On Thu, 13 Feb 2025 16:55:57 -0500
Alan Beadle <ab.bea...@gmail.com> wrote:

> Hello,
> 
> I am trying to use rte_epoll_wait() to avoid rx polling and reduce CPU
> utilization while preserving low latency. I am using the Intel X550-T2
> NIC with DPDK 23.11 and the ixgbe driver.
> 
> I was able to make interrupts work and my process is getting
> interrupts when a packet arrives. I followed the example here:
> https://stackoverflow.com/questions/69792978/using-interrupts-with-dpdk
> 
> Before calling rte_epoll_wait(), I must first arm the interrupt by
> calling rte_eth_dev_rx_intr_enable() every time my thread is about to
> wait. However, if a packet arrives between these calls, the interrupt
> will not work and my process will only resume once the timeout is
> reached. This causes huge latency spikes unless my timeout is very
> short, and the minimum time of 1ms is still too long to tolerate this
> problem, since my goal is to keep latency low.

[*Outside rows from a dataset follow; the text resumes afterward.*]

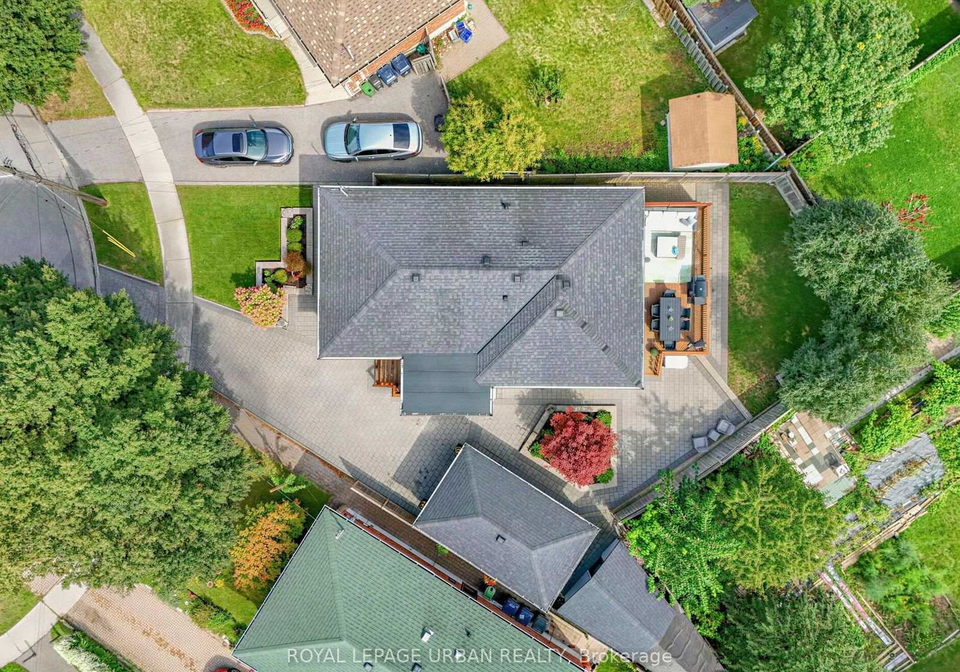 15-samya-court-toronto-scarborough-ontario-e13810532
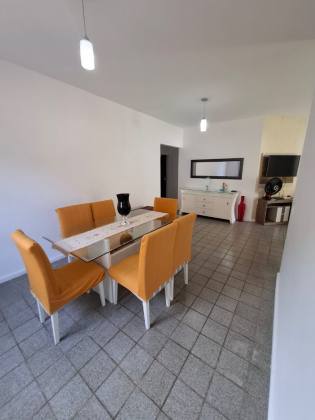 Casa de Condomínio Para Vender com 4 quartos 4 suítes no bairro Guarajuba em Camaçari
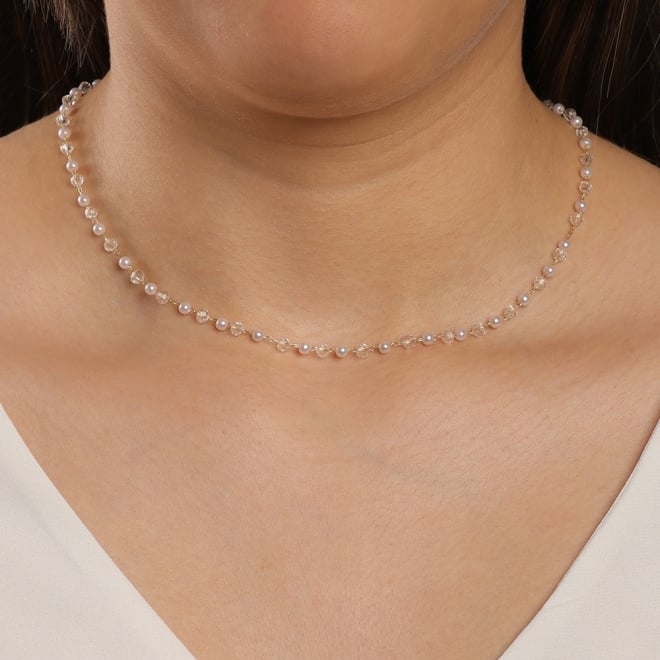 CH-0285 CHOKER COM DETALHES EM PÉROLAS E CRISTAIS TRANSPARENTES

After enabling interrupts, the application should do one more call to rx_burst
which will see if there any packets that raced in.
If it does get some packets, chances are you want to disable interrupts
and go back to polling mode.

See the l3fwd-power example application.


> Here are my questions:
> 1) Is there a way to prevent the thread from suspending at all if the
> interrupt is not "armed" anymore?
> 2) Is it possible to set a timeout shorter than 1 ms? It looks like
> this is not supported by rte_epoll_wait().

Internally rte_epoll_wait is just a wrapper around the epoll system
call. which takes a timeout in milliseconds.

You could make a version of rte_epoll_wait using the newer epoll_pwait2
system call which accepts a timeout in nanosecond resolution.

Read the source of EAL, it is much easier than trying to explain
all this.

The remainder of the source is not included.